Wednesday, April 22, 2009

Celebrating the nature that really isn't nature, but we celebrate it anyway.

Today is Earth Day, that marvelous study in hypocrisy. This is not a criticism since hypocrisy is the mortar that binds together the blocks of dried bullshit that constitute the infrastructure of Wall Street and its subsidiary, the Beltway.

On the surface, Earth Day celebrates nature. But in reality, the nature we celebrate is not the green, verdant temple our poets and minstrels praise. The nature we celebrate is ours, our wonderfully destructive human nature.

Creationists have it half right. The world is divinely created, but God isn’t responsible. Rather, Earth was created by a demigod named Jehovah, who was long on anger and revenge and short on love and compassion.

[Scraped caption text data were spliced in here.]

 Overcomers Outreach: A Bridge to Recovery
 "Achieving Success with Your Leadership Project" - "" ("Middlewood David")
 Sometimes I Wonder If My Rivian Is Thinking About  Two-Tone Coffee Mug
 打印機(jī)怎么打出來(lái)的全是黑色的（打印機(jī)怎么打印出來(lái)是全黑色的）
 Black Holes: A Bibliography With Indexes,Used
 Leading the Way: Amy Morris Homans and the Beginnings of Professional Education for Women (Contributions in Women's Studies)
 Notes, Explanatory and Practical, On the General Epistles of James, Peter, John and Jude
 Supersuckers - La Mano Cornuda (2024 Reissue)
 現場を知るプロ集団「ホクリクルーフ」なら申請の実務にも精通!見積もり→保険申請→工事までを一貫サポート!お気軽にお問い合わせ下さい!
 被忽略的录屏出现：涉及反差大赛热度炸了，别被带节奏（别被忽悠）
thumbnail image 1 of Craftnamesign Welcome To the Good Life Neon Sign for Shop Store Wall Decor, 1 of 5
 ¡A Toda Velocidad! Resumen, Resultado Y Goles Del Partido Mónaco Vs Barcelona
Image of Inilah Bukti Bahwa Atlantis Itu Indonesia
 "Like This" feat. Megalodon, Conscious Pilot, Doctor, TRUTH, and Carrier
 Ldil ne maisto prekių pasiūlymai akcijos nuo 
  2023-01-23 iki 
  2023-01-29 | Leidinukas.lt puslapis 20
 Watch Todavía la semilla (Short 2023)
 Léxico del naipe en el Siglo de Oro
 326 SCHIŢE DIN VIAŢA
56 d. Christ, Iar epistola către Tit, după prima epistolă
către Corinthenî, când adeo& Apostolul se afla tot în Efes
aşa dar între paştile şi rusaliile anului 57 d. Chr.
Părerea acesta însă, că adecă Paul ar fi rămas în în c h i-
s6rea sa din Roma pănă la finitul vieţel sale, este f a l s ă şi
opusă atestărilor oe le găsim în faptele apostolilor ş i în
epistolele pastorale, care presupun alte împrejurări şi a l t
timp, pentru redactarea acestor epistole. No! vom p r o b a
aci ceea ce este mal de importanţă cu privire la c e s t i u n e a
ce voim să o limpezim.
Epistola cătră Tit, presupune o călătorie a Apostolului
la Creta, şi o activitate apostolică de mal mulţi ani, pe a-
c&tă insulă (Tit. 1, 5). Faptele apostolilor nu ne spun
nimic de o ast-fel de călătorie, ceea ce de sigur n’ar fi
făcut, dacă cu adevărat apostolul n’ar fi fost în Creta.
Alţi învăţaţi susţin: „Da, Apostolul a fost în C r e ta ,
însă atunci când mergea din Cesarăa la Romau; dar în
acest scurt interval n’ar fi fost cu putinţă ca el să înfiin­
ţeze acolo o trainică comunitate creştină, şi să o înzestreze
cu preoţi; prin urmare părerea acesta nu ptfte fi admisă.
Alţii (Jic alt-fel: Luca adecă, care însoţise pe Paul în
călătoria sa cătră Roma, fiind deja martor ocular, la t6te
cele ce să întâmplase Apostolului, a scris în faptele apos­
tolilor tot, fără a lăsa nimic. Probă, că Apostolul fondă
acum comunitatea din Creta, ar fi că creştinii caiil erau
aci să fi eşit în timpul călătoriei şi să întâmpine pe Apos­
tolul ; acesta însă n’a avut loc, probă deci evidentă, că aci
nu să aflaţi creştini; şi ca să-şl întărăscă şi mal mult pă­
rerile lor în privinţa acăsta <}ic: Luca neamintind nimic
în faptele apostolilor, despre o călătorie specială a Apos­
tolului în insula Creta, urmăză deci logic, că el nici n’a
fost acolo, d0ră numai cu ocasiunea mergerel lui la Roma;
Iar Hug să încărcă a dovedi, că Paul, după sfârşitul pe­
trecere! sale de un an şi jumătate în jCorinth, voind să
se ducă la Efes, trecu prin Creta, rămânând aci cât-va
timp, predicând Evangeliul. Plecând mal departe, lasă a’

After Jehovah created Adam, he created the first woman, Lilith. Lilith took a look around and decided that the Garden of Eden was a waste. She also had no intention of subordinating herself to Adam. Adam bitched to Jehovah, who replaced Lilith with Eve.

This pissed Lilith off, who transformed herself into a Serpent and had a little chit-chat with Eve, thus forcing Man to work for a living.

The earth has been around for 4.5 billion years, and Jehovah is getting bored. This is why he gave us dominion over nature; He figured we’d trash it. He gave us mountains to top, aquifers to drain and forests to clear cut. Our destiny clear; it is to turn Mother Earth into a barren crone who can’t stand the sight of our species.

So while our leaders pledge themselves to the preservation of nature, they fully understand that this pledge in no way impinges upon the state’s right to destroy it in the name of national and corporate security.

Where would our firebombing of Dresden have been if landmark preservationists had objected How much Agent Orange could we have dumped on Vietnam if the Department of Environmental Protection (EPA) had declared it a carcinogenic?

What Man doesn’t pave, he either defoliates or blows up.

Man has dominion, and dominion is all about power, which is only concerned with the “now” and not the consequences of its actions. For the powerful, the future is a chimera that never comes because the next hour, the next day and the next millennium are only real when they are “now.” This is freedom in its purest form—the freedom from consequences.

We breed children to clean up the messes we make, and they end up making their own messes.

The secret to a successful Earth Day celebration is to keep it unreal. We praise what little nature is left without noticing that which we have destroyed.

It’s a celebration of the hypocrisy that has gotten us to where we are today.